■ **WHAT THE TASK REQUIRES**:
When the line with "Hotel Cima Tosa" turns up below, begin repeating exactly, and carry on through the line with "2026 White Metallic"; no pictures go into the copy.

■ **EXERCISE INPUTS**:
---
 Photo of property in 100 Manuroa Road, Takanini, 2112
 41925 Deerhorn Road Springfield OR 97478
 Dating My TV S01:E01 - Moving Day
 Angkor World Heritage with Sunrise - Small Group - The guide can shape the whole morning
---
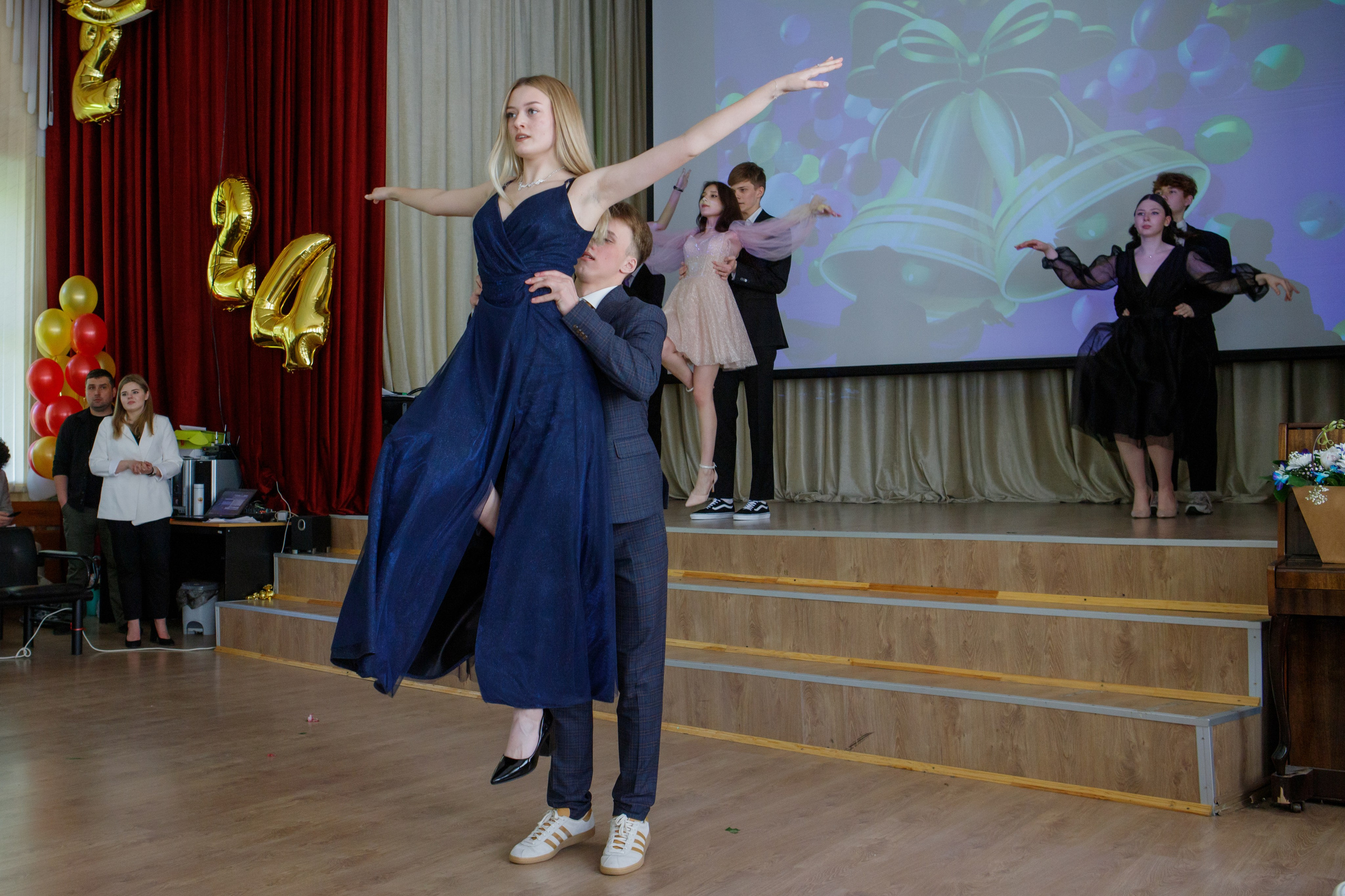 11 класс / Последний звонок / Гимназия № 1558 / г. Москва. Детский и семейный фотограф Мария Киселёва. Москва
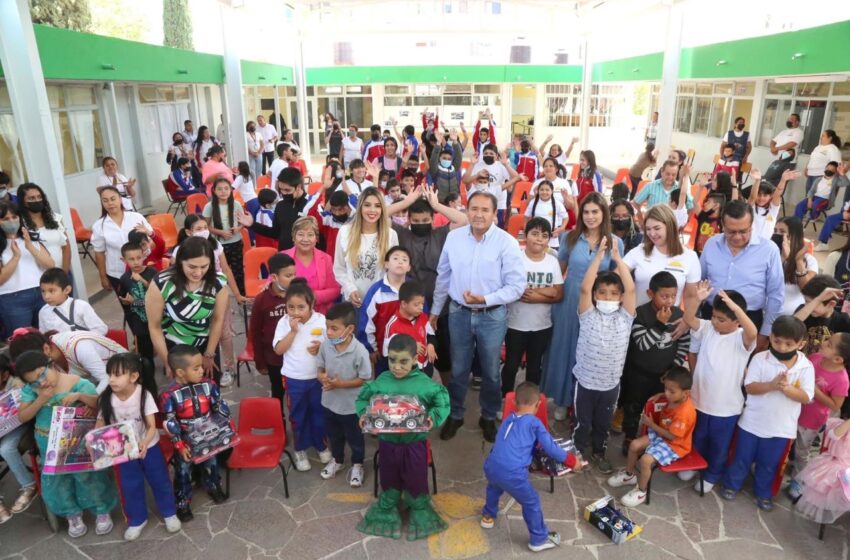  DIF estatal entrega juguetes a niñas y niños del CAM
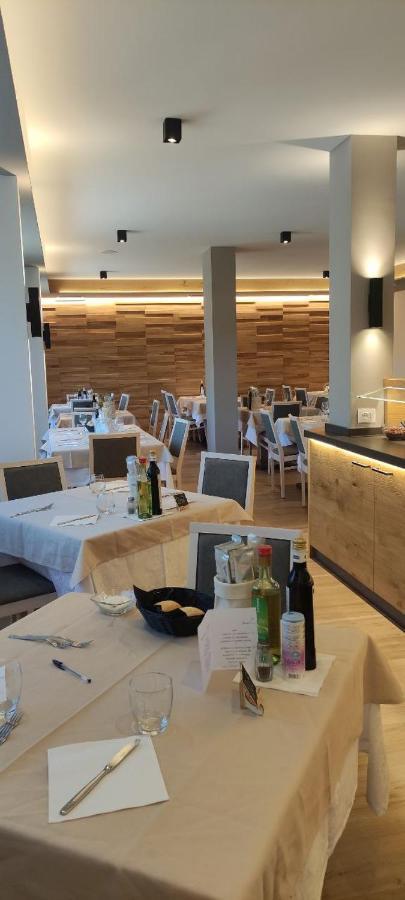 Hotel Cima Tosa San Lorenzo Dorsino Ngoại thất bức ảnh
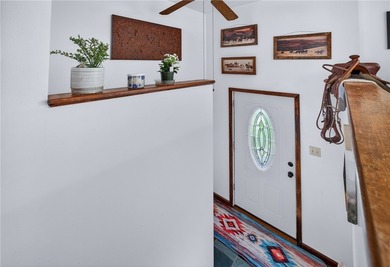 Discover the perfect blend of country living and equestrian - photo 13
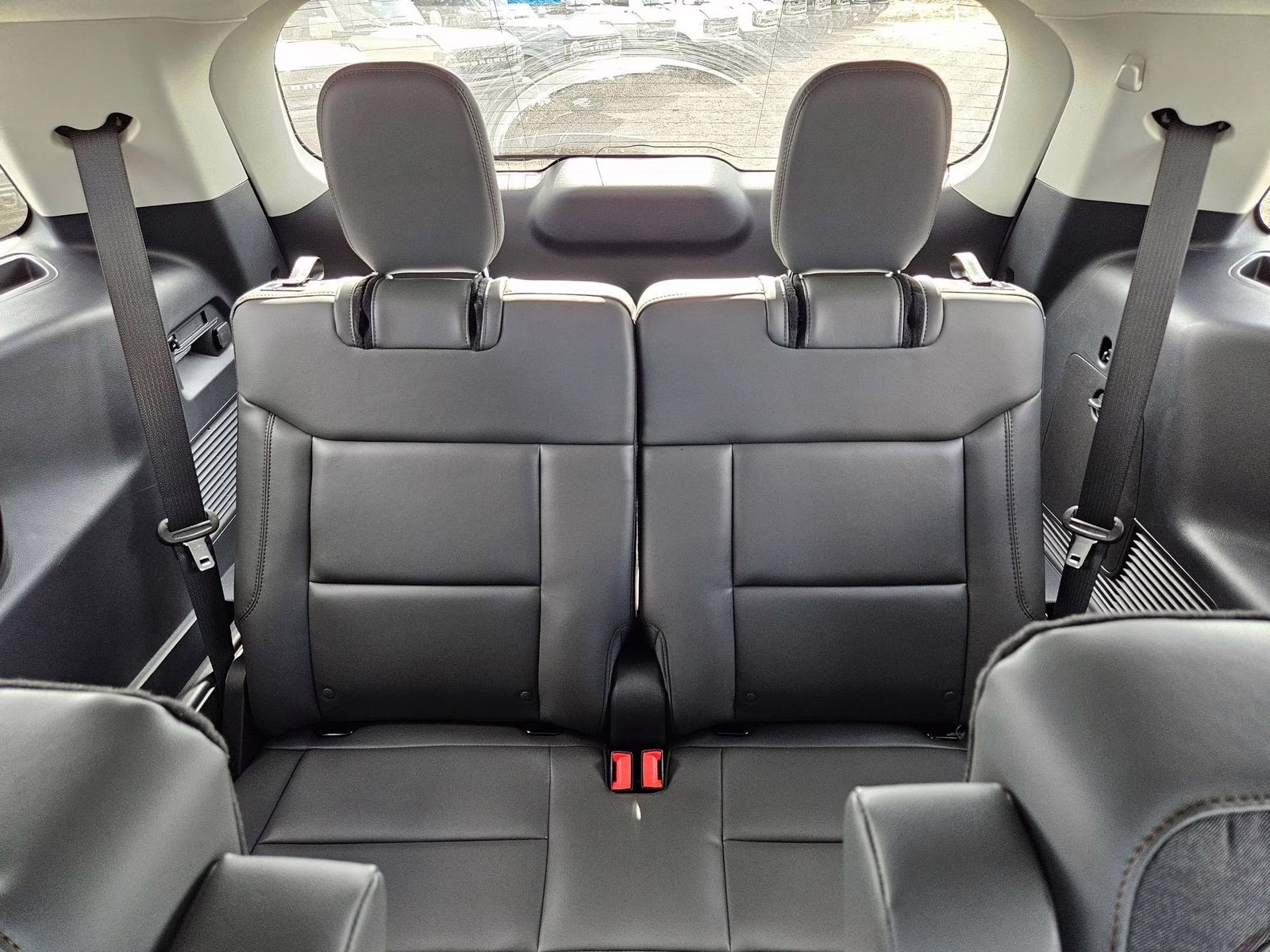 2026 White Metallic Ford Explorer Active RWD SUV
---
■ **OUTPUT FOR THIS EXERCISE**:
 Hotel Cima Tosa San Lorenzo Dorsino Ngoại thất bức ảnh
 Discover the perfect blend of country living and equestrian - photo 13
 2026 White Metallic Ford Explorer Active RWD SUV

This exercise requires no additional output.